Searching: 100%|██████████| 1/1 [00:00<00:00, 20.91it/s]

Step 5: Evaluate#

5.1 Recall#

Recall represents the model’s capability of correctly predicting positive instances from all the actual positive samples in the dataset.

$$\textbf{Recall}=\frac{\text{True Positives}}{\text{True Positives}+\text{False Negatives}}$$

Recall is useful when the cost of false negatives is high. In other words, we are trying to find all objects of the positive class, even if this results in some false positives. This attribute makes recall a useful metric for text retrieval tasks.

def calc_recall(preds, truths, cutoffs):
    recalls = np.zeros(len(cutoffs))
    for text, truth in zip(preds, truths):
        for i, c in enumerate(cutoffs):
            recall = np.intersect1d(truth, text[:c])
            recalls[i] += len(recall) / max(min(c, len(truth)), 1)
    recalls /= len(preds)
    return recalls

recalls = calc_recall(res_text, ground_truths, cut_offs)
for i, c in enumerate(cut_offs):
    print(f"recall@{c}: {recalls[i]}")

recall@1: 0.97
recall@10: 1.0

5.2 MRR#

Mean Reciprocal Rank (MRR) is a widely used metric in information retrieval to evaluate the effectiveness of a system. It measures the rank position of the first relevant result in a list of search results.

$$MRR=\frac{1}{|Q|}\sum_{i=1}^{|Q|}\frac{1}{rank_i}$$

where

$|Q|$ is the total number of queries.
$rank_i$ is the rank position of the first relevant document of the i-th query.

def MRR(preds, truth, cutoffs):
    mrr = [0 for _ in range(len(cutoffs))]
    for pred, t in zip(preds, truth):
        for i, c in enumerate(cutoffs):
            for j, p in enumerate(pred):
                if j < c and p in t:
                    mrr[i] += 1/(j+1)
                    break
    mrr = [k/len(preds) for k in mrr]
    return mrr

mrr = MRR(res_text, ground_truths, cut_offs)
for i, c in enumerate(cut_offs):
    print(f"MRR@{c}: {mrr[i]}")

MRR@1: 0.97
MRR@10: 0.9825

5.3 nDCG#

Normalized Discounted cumulative gain (nDCG) measures the quality of a ranked list of search results by considering both the position of the relevant documents and their graded relevance scores. The calculation of nDCG involves two main steps:

Discounted cumulative gain (DCG) measures the ranking quality in retrieval tasks.

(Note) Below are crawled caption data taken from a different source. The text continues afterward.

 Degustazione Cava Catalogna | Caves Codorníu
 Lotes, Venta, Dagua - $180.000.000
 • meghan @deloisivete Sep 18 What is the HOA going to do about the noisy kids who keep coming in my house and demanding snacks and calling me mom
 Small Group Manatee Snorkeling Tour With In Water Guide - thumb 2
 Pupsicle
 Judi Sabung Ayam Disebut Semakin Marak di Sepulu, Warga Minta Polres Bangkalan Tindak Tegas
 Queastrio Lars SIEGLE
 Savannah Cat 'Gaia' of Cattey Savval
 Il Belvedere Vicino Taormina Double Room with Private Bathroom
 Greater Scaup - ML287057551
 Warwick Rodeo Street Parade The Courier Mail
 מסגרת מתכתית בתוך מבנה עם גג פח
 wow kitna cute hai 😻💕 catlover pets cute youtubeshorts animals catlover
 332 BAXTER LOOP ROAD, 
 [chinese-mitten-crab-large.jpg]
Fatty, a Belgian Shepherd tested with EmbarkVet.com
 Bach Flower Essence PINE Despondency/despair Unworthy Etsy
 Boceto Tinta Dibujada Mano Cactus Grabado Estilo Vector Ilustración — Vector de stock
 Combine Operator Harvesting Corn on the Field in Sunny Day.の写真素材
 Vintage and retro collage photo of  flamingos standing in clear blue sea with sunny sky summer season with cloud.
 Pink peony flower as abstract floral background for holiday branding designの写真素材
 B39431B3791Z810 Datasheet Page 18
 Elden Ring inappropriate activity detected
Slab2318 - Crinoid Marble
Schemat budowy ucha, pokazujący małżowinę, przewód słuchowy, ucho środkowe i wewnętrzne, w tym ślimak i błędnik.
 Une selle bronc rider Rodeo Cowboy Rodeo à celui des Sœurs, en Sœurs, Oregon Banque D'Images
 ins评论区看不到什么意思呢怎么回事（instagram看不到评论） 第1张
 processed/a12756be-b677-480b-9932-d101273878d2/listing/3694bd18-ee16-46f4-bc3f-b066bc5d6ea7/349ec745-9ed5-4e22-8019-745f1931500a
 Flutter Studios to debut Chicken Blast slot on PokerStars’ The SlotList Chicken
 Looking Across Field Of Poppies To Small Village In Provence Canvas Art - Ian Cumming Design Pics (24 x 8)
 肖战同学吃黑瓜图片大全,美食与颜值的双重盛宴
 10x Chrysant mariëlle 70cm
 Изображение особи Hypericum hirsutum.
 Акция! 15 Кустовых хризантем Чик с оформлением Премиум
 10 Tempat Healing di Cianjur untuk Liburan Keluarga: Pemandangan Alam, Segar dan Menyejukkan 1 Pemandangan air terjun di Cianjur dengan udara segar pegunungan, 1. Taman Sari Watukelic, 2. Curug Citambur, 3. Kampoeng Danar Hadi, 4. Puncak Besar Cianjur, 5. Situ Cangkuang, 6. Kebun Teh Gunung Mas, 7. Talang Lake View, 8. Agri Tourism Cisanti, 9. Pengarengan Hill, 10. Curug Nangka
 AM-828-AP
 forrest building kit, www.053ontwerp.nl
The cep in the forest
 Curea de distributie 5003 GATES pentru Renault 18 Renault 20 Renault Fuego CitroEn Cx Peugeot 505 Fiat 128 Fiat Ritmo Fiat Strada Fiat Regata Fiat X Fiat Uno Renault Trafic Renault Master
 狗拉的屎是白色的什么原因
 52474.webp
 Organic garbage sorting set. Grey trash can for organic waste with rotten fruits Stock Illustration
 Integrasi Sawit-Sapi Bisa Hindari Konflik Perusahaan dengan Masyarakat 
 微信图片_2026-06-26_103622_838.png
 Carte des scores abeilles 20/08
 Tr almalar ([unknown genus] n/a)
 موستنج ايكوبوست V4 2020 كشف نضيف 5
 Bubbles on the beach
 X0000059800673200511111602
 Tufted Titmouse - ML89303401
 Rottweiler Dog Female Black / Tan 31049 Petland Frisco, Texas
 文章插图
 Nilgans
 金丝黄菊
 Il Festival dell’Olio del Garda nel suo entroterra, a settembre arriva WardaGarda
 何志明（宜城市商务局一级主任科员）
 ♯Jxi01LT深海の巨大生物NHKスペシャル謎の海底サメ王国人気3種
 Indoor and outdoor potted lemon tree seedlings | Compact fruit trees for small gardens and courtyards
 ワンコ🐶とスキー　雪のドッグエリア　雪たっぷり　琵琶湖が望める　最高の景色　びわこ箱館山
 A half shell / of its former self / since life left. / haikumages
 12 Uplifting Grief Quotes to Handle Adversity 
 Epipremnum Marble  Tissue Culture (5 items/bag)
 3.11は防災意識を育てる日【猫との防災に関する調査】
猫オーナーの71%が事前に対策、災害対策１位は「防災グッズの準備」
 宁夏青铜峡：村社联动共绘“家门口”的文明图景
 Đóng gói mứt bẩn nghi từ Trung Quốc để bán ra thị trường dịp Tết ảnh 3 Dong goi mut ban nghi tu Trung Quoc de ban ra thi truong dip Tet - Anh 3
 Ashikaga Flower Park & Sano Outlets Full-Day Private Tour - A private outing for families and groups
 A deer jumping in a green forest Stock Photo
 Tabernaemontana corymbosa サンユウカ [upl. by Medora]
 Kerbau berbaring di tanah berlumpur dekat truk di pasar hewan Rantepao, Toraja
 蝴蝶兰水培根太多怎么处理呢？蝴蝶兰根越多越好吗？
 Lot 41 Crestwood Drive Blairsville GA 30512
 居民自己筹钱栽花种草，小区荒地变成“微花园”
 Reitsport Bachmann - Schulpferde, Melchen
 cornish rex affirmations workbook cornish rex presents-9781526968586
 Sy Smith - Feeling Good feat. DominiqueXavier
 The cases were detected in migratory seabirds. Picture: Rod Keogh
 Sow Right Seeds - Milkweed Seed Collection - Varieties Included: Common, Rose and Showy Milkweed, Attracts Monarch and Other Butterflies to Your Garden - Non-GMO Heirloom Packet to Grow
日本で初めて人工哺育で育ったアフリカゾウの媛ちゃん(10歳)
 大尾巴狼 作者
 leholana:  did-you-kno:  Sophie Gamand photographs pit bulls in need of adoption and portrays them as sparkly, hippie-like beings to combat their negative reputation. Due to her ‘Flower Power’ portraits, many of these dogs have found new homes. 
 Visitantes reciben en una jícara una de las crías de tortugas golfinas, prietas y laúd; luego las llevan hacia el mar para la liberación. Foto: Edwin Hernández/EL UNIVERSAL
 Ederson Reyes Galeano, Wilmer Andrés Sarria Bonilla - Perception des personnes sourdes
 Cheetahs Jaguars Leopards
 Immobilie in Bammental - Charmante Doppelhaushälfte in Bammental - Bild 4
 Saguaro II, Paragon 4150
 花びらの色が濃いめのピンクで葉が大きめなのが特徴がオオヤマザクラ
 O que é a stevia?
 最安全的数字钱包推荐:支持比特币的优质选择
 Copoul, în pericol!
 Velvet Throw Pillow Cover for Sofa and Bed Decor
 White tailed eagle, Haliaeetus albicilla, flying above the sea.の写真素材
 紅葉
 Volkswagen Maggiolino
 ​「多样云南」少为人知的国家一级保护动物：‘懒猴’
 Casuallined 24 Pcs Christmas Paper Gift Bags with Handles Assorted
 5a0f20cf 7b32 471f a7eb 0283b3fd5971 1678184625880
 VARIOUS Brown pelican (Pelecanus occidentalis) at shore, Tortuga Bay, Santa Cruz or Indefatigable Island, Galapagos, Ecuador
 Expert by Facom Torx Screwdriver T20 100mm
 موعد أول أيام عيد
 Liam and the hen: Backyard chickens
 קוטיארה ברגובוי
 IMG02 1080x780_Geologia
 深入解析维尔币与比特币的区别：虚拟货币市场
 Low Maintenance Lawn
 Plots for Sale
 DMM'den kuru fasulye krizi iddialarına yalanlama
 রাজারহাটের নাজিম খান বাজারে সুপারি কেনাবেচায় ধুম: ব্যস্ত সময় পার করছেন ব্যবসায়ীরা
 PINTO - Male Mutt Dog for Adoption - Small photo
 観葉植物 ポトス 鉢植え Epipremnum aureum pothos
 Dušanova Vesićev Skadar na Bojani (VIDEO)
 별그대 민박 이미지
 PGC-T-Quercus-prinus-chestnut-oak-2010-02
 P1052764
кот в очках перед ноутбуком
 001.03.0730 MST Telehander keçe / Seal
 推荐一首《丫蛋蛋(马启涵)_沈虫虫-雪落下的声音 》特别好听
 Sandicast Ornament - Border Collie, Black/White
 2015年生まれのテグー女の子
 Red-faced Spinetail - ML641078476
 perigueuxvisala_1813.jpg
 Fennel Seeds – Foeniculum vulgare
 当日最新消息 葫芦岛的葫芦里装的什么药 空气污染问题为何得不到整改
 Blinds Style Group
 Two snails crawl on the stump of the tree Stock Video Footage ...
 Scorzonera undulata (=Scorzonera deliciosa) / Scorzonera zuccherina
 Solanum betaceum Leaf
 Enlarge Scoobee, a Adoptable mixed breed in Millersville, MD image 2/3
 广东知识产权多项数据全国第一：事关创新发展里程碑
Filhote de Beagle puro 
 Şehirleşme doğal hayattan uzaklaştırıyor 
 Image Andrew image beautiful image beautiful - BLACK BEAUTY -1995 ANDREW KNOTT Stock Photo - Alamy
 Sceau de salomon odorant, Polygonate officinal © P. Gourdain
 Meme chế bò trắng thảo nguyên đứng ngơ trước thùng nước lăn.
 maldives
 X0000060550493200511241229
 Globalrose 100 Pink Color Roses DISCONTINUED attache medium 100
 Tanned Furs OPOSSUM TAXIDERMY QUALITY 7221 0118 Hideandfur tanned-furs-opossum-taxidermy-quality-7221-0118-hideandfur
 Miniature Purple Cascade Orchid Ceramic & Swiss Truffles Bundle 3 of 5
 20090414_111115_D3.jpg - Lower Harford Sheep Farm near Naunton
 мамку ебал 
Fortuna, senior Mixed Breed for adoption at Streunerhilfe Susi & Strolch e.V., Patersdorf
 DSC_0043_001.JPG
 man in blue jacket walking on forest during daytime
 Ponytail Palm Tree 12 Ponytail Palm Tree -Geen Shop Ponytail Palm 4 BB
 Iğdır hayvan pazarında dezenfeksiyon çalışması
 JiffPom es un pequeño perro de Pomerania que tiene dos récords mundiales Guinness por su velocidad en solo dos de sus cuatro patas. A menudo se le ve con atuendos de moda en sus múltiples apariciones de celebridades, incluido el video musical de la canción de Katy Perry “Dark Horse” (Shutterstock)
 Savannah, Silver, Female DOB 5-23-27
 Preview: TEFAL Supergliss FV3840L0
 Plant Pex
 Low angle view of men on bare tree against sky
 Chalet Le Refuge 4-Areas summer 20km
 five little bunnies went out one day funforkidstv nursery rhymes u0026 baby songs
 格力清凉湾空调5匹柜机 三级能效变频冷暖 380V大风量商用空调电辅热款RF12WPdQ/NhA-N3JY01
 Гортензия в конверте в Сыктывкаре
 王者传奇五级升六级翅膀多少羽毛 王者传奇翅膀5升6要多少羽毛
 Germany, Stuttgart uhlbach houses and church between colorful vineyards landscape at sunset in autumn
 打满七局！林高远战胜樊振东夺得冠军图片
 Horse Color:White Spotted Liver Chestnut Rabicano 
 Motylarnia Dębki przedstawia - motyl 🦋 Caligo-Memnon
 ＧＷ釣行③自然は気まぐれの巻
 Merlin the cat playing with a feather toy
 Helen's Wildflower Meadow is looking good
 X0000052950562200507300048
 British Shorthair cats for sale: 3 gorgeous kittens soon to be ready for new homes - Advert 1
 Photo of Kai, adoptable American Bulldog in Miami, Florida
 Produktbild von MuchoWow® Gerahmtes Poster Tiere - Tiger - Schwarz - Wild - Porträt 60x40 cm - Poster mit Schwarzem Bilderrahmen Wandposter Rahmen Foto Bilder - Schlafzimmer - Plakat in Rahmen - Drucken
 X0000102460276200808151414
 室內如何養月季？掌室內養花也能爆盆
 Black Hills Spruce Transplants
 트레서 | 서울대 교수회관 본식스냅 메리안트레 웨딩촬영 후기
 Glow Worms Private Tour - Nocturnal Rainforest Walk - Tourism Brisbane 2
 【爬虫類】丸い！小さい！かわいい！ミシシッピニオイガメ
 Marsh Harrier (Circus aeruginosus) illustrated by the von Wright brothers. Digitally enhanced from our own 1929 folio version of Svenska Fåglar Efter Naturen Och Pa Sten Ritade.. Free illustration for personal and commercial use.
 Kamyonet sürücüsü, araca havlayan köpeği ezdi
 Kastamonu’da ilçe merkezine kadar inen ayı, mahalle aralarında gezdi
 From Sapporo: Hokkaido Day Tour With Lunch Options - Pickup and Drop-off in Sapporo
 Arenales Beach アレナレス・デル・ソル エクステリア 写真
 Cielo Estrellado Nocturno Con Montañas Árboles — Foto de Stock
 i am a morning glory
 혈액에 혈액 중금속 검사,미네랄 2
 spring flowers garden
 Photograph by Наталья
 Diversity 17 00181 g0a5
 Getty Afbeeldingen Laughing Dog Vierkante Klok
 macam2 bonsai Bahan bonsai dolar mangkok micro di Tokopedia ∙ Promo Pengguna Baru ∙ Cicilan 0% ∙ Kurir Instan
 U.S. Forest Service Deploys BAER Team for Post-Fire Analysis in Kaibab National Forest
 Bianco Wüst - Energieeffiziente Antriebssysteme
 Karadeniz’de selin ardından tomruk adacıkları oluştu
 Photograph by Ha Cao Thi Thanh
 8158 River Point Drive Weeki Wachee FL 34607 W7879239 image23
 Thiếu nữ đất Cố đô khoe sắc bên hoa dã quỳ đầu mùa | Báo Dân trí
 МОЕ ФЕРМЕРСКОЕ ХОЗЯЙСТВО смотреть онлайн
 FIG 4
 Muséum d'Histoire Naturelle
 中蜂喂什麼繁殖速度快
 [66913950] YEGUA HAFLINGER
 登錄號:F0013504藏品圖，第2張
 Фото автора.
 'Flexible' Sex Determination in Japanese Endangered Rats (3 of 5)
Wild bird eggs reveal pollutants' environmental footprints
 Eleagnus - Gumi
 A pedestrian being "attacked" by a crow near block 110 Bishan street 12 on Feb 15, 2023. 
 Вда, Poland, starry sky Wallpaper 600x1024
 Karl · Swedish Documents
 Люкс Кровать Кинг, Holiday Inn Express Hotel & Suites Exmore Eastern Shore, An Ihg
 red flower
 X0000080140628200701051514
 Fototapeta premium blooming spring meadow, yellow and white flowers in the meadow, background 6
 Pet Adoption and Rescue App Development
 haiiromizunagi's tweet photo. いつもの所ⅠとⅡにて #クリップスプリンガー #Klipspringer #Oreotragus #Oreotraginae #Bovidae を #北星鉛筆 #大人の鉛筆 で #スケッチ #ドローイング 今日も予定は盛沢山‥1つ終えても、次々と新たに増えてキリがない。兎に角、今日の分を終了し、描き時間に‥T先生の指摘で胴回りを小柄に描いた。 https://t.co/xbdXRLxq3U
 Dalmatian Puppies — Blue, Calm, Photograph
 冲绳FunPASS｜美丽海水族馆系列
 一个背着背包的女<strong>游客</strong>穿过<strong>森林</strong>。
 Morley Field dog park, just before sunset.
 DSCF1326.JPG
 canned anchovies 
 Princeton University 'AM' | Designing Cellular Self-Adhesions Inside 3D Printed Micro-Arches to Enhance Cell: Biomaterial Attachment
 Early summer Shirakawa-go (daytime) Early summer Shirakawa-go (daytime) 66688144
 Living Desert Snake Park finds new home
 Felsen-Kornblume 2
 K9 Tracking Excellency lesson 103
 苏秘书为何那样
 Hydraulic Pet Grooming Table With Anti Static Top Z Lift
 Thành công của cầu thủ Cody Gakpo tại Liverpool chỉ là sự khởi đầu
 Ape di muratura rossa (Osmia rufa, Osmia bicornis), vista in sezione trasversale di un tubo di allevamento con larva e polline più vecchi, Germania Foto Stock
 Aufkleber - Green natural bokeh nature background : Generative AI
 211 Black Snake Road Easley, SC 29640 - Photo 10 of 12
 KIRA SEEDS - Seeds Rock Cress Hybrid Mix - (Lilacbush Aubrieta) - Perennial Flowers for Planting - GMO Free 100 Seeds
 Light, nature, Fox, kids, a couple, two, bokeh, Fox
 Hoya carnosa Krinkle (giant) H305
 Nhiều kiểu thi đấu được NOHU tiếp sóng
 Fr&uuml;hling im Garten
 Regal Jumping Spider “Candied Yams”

$$DCG_p=\sum_{i=1}^p\frac{2^{rel_i}-1}{\log_2(i+1)}$$

Normalized by ideal DCG to make it comparable across queries. $$nDCG_p=\frac{DCG_p}{IDCG_p}$$ where $IDCG$ is the maximum possible DCG for a given set of documents, assuming they are perfectly ranked in order of relevance.

pred_hard_encodings = []
for pred, label in zip(res_text, ground_truths):
    pred_hard_encoding = list(np.isin(pred, label).astype(int))
    pred_hard_encodings.append(pred_hard_encoding)

from sklearn.metrics import ndcg_score

for i, c in enumerate(cut_offs):
    nDCG = ndcg_score(pred_hard_encodings, res_scores, k=c)
    print(f"nDCG@{c}: {nDCG}")

nDCG@1: 0.97
nDCG@10: 0.9869253606521631

Congrats! You have walked through a full pipeline of evaluating an embedding model. Feel free to play with different datasets and models!